Pay less, feel better: self-funding of health benefits.

AuthorSwagerl, Will
PositionCost effective health plans for small business

A cost-effective plan to help cure health care headaches for small businesses.

When Matanuska Maid Dairy officials saw employee health insurance premiums rise 10 percent for several years running, they got worried. But when the Anchorage bottler and distributor's latest bill included a 15 percent increase, they decided to act.

Comptroller Irene Bartee says the company had been talking for some time about self-funding their employee health insurance and the increase made self-funding appealing.

Last September, instead of paying about $15,000 monthly in premiums to insure its 37 employees, Matanuska Maid started banking the money. Employee claims were paid directly from the account, with the paperwork done by a third-party administrator.

Bartee says the company is spending only 65 percent of the money it had set aside for health claims. The firm now has more than $15,000 in the bank, and the reserve is building.

The success of Matanuska Maid and the similar experience of other small companies is one of the reasons that self-funding of health insurance has become a national trend.

"It's a hot topic in many parts of the country," says Donna Weathers, the Northwest sales consultant for CENTRA Benefits Services Inc. in Seattle, which handles large self-funded clients with up to 40,000 employees. "It doesn't work for everybody, but when it works, it usually works pretty good."
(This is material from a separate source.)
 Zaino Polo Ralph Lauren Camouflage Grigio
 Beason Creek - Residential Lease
Jack Brandt is the chief operating officer of NCAS-Northwest, a subsidiary of Blue Cross, which offers administrative-services-only contracts to self-funded programs. He estimates that up to 70 percent of private-sector employees in Alaska are insured through self-funding. The interest is high, he says, and the number is growing, especially among smaller Alaska businesses.
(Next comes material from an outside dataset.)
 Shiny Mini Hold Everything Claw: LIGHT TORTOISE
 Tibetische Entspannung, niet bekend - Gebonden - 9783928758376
"Self-funding has the potential to save you quite a sum of money," he says. "But, like your lawn, it can't be left untended."

WHY SELF-FUND?

For Tim Ryan, vice president of operations for Sitka Sound Seafoods, a hard look at the numbers answered that question for his company.

Ryan says when he and other executives of this Sitka-based fish processing business studied their claims history, they discovered that the medical bills handed in by their 85 to 100 employees totaled only 40 percent to 60 percent of what they were paying out in premiums. The rest was profit to the insurance company.

In the first 18 months of being self-insured, says Ryan, Sitka Sound was able to save about 30 percent of what it had been paying out in premiums. And the savings allowed the company to continue offering dependent coverage, which otherwise Sitka Sound would have needed to phase out to meet rising costs.

Kent Davis, a management partner for Risk and Benefit Management Services (RBMS), says stories like Sitka Sound's are not unusual. He says he has seen companies save as much as 40 percent of their health insurance costs by taking the self-insured route.